I couldnt decide whether to go to the Kauri forest but I seemed to be making good time so I went through Opononi and made my way through roads that consisted of chicane after chicane. If you took the A272, the Horseshoe pass, Silverstone, Lombard St, and a sine wave, compressed and added them, then laid it for 20 kms through mountains, then you might have an idea how twisty and turny this road was to the Waipau ( spelling?) forest. Here in Waipau there is Tana Mahuta, the largest tree in New Zealand and one of the oldest trees in the world. Its a strongly spiritual tree for the Maoris and it is bigger than breathtaking; its awe-inspiring. Estimated at over 2000 years old, and 18 metres in circumference, its a beast, a big boy and puts you to shame.

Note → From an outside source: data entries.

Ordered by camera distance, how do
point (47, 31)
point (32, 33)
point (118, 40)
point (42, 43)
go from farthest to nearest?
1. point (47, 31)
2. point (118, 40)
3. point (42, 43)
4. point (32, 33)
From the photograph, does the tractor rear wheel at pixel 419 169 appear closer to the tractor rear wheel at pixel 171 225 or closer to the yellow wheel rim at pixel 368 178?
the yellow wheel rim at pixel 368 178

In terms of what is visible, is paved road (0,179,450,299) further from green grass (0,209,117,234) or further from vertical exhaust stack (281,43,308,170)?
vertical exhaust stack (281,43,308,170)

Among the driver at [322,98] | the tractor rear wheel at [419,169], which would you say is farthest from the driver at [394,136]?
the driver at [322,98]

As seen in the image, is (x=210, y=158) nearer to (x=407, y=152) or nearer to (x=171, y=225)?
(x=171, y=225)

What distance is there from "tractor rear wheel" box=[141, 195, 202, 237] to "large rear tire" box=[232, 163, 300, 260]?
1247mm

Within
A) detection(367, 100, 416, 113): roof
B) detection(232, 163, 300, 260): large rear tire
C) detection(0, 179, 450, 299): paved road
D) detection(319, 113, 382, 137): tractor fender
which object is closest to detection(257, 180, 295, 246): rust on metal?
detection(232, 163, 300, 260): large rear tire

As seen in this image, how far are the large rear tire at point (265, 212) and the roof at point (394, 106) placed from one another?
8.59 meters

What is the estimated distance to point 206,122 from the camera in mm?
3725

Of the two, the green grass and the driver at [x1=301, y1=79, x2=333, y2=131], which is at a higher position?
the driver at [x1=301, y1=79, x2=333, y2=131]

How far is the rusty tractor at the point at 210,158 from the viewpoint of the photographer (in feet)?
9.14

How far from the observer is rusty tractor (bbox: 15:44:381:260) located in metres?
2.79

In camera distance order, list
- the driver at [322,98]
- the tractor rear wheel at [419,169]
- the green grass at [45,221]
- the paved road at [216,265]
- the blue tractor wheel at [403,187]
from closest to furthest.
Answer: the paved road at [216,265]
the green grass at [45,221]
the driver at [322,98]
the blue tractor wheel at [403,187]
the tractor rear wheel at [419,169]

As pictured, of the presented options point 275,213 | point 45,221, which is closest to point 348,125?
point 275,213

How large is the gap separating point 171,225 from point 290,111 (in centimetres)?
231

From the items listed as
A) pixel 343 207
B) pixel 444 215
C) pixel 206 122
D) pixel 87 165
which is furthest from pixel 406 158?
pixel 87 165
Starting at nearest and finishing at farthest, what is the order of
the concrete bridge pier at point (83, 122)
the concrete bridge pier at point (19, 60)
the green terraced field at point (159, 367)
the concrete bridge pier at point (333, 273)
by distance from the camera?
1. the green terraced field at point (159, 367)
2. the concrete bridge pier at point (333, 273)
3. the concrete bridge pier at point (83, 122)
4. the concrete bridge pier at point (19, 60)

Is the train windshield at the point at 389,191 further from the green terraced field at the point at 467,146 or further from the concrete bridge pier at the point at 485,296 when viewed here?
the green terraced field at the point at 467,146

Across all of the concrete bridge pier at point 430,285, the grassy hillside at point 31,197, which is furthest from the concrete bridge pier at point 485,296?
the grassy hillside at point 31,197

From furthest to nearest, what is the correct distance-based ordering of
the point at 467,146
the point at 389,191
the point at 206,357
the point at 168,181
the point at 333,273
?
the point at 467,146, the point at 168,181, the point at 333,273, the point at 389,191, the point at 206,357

Think North American Redwoods with a Maori physique. You could have built a whole ship out of this tree, and unless Im mistaken I think these trees were used for that purpose years ago. The Europeans came and chopped loads down as they are good for houses, but I think they look more impressive in the ground. These trees are big enough to carve a complete staircase in the middle of them. Down the road from Tana Mahutu, there are four more large trees and a couple more within a few kilometres, but there are very few big trees left.

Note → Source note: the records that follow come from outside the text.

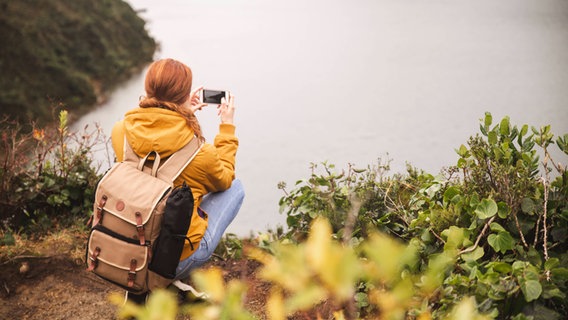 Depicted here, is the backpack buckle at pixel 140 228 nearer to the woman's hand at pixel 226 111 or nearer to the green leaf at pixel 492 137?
the woman's hand at pixel 226 111

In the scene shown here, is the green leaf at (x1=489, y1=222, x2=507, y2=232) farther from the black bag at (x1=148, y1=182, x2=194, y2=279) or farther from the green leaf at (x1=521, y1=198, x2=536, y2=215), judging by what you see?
the black bag at (x1=148, y1=182, x2=194, y2=279)

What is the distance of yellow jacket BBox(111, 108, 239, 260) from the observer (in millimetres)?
2151

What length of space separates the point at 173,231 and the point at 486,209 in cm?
117

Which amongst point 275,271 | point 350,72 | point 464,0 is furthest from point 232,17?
point 275,271

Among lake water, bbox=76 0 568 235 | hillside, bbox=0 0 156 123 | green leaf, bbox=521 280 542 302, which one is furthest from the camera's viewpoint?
hillside, bbox=0 0 156 123

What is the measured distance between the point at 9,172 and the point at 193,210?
→ 1.64m

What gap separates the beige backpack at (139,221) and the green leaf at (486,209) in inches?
42.3

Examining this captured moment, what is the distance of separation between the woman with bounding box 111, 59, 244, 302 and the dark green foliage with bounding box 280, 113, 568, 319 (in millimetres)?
651

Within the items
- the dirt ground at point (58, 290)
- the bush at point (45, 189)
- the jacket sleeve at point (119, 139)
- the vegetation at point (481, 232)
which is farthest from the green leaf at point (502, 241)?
the bush at point (45, 189)

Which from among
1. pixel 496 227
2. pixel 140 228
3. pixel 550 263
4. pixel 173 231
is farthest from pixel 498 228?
pixel 140 228

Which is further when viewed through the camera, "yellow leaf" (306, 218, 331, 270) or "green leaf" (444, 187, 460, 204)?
"green leaf" (444, 187, 460, 204)

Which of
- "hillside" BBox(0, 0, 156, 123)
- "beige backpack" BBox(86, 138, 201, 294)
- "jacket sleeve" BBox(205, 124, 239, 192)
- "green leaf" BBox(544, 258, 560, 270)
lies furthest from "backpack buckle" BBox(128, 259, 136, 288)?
"hillside" BBox(0, 0, 156, 123)

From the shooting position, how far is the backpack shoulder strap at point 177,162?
7.07ft

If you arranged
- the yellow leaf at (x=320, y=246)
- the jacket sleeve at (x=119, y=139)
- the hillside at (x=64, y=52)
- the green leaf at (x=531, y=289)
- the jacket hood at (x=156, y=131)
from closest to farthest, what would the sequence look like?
1. the yellow leaf at (x=320, y=246)
2. the green leaf at (x=531, y=289)
3. the jacket hood at (x=156, y=131)
4. the jacket sleeve at (x=119, y=139)
5. the hillside at (x=64, y=52)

I drove back to Opononi as I noticed a few hostels there. Globetrekkers in Omapere, just south of Opononi is closed at the moment, and was the first place I tried, but the lady there pointed me to House of Harmony, which sounds like a sunday afternoon BBC costume drama, but was a very pleasant hostel. Strangely full of Italians and a couple of people from Brighton, it was friendly and WARM. There was a nice BIG FIRE and they had NICE FURRY CATS that you could use as hot water bottles on your laps.
Right, up early, oooooh about 10 ish and time to head north Ive decided. I dont think Dargaville is a very nice name for a town, hence my decision. I got to some town called Rawene, where I catch the ferry across the water, and get some more petrol before crossing. The man who owns the petrol station is from Chiswick. Why am I surprised? Why does this place both feel like a very foreign country and a very welcoming homely one? Money is in dollars, I dont understand the roadsigns, people talk in tongues and a hot dog isnt what
you think a hot dog is, but blokes from Chiswick sell petrol.

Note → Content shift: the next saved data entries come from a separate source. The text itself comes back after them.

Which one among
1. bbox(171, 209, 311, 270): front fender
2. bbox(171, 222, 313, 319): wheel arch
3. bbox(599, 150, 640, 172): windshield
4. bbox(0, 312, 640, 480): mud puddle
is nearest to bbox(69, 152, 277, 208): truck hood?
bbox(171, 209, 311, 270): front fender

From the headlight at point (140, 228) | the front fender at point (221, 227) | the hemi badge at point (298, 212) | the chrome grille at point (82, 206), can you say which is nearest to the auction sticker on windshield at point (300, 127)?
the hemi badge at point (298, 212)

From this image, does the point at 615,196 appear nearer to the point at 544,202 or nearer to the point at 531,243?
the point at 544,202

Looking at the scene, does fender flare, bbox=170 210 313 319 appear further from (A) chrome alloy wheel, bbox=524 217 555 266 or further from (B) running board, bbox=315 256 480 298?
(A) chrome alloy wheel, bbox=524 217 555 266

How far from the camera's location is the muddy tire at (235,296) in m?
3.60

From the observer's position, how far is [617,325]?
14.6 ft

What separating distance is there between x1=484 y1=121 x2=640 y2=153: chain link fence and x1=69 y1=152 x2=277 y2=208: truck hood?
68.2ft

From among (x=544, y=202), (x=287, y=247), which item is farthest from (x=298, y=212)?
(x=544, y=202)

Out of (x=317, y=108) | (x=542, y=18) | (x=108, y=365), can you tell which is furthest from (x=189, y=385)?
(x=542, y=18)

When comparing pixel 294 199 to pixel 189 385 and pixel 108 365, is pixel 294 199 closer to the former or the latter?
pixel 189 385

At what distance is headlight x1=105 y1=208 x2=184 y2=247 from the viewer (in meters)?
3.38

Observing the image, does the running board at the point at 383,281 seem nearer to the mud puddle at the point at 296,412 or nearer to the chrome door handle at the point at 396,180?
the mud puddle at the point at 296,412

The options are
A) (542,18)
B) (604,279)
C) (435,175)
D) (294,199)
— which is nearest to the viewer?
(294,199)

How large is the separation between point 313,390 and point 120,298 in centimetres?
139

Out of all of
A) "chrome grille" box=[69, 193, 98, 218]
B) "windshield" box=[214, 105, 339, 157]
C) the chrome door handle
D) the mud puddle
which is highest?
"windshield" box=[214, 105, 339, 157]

I head to Kaitaia via the back road, as the back road is always my preferred option, stopping off in Ahipara, taking in plenty of stops and listening to Beth Ortens new album. I still cant get over the scenery, and the quaintess and unique styles of the houses. Here you can build a house however you want. No stupid rules for how it should look, or standards to conform to. Rules are mainly for stupid people, or for those who lack originality. Warwick who we visited the week before, has built his own house over the last 20 years. He had electricity put in two years ago, but hadnt needed it before. He has a mezzanine floor in his lounge where his
drum kit is. Pot plants sit on a beam across the kitchen, the wood stove sits near the middle of the lounge heating the whole house, no two windows are the same, with diamond shaped windows, a triangle and a square frame in the lounge. He has a composting toilet that while it doesnt smell of daisys, it doesnt smell of pooh either.
This town was the same, sun decks around houses, outside toilets, expanses of glass, skylights, solar powered, windpowered, built into hollows or sited on ridges. People are building the house they want to live in, not those built by Mr Barrat or Mr Wimpey.
Anyway I got to Kaitaia, booked myself on a coach trip up to Cape Reinga and 90 mile beach for the day after. I had booked into a hostel in Kaitaia and found the owner to be a half Maori, ex army, healer, that burped when he was performing his healing feats. You see something new everyday.